While the list of states Osama considers enemies is large -- the US, Israel, France, the UK, Russia, India and China are all on it -- we also have the normally moderate Council of British Muslims complaining about harassment by the authorities, thus implicitly accepting the Islamic quality of the terrorists arrested. The claim is taken to further, laughable lengths by the British Parliament's Joint Committee on Human Rights, which, in an Orwellian outburst of absurdity, claimed, "There is mounting evidence that the powers under the Terrorism Act are being used disproportionately against members of the Muslim community in the UK." Did they expect some proportional action against Methodists and Anglicans?
To accept that Islamism is a lasting cultural phenomenon, as well as arguably an immediate terror threat, is to also admit that al Qaeda is everywhere going back to Bonaventura's definition of God. By becoming fundamentally synonymous with Islamism, al Qaeda has established a "presence" in all countries with significant Muslim communities. There are national Islamist terror groups everywhere, from Indonesia and the Philippines to Morocco and the UK. These groups were not invented by someone hiding in the mountains of the Afghanistan/Pakistan border. They are the products of a global Islamist revival--one defined by al Qaeda and its way of thinking.

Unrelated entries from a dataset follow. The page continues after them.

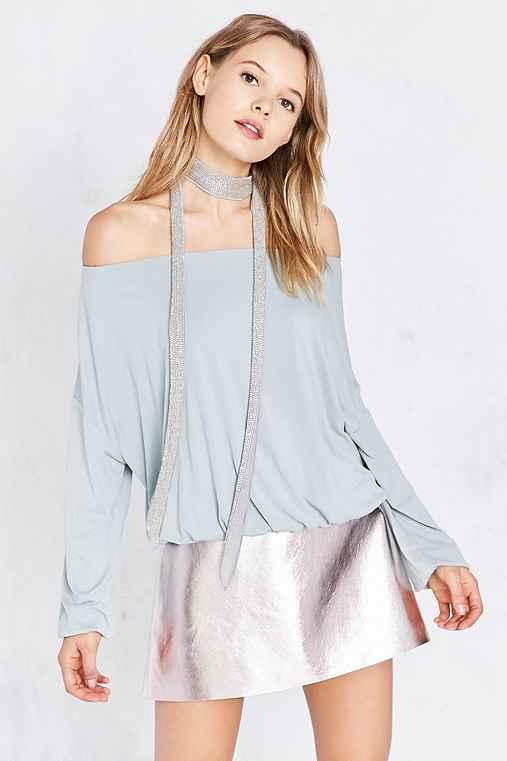 Urban Outfitters Silence + Noise Free Bird Dolman-sleeve Off-the-shoulder Top,grey,s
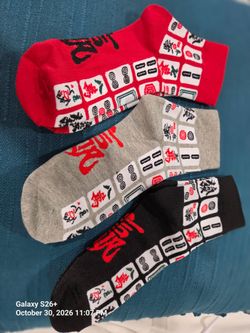 Mahjong Print Ankle Socks 3-Pack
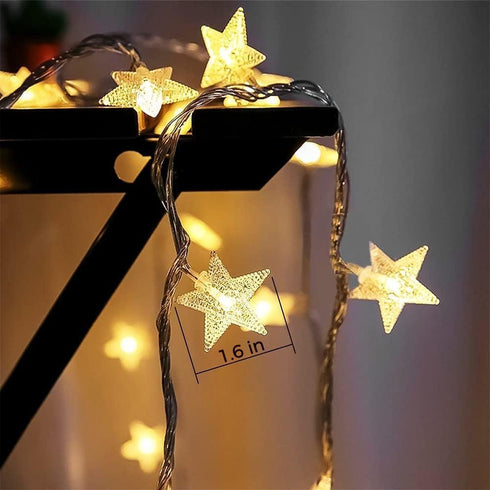 33 100 Star String Lights Plug in - ft LED Star Fairy String Lights with Remote and Timer, Waterproof for Bedroom Porch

Thus, national Islamist terror organizations and al Qaeda have two things in common: ideological similarity and persistent strategic (not tactical) cooperation. The Algerian Salafist Group for Preaching and Combat or the Moroccan Islamist Fighting Group, or the even more dangerous and larger Islamic Group in Southeast Asia, were not founded by al Qaeda, but it ideologically energizes them and gives them technical advice. McDonald's--to push the analogy a bit further--does not allow the use of its name to just any entrepreneur. It imposes standards--and so does al Qaeda. They maintain a degree of quality control to protect the company's logo.
The Al Qaeda visitor therefore has a role. The targeting has to be accepted, if not approved, by the "owners of the logo" in Pakistan, and it has to be done right: hence the use of al Qaeda's technical expertise. Virtually all known al Qaeda-linked operatives are experts in computers and engineering. This means that while al Qaeda is just a base, its role and degree of control over operations everywhere cannot be discounted as far too many countries are wont to do.
For counter-terrorist organizations everywhere, catching the visitor is tantamount to preventing an attack. The visitor is an essential ingredient in any successful terror attack, and is also the proof that al Qaeda is not only a form of Islamic ideology, but also the engine behind the entire problem of Islamist terror. Hence, we are back to basics. We must continue to improve intelligence and border controls, for detecting the "visitor." And we must admit that the problem is not some fringe, pseudo-Islamic minority but a significant proportion of the global Muslim community.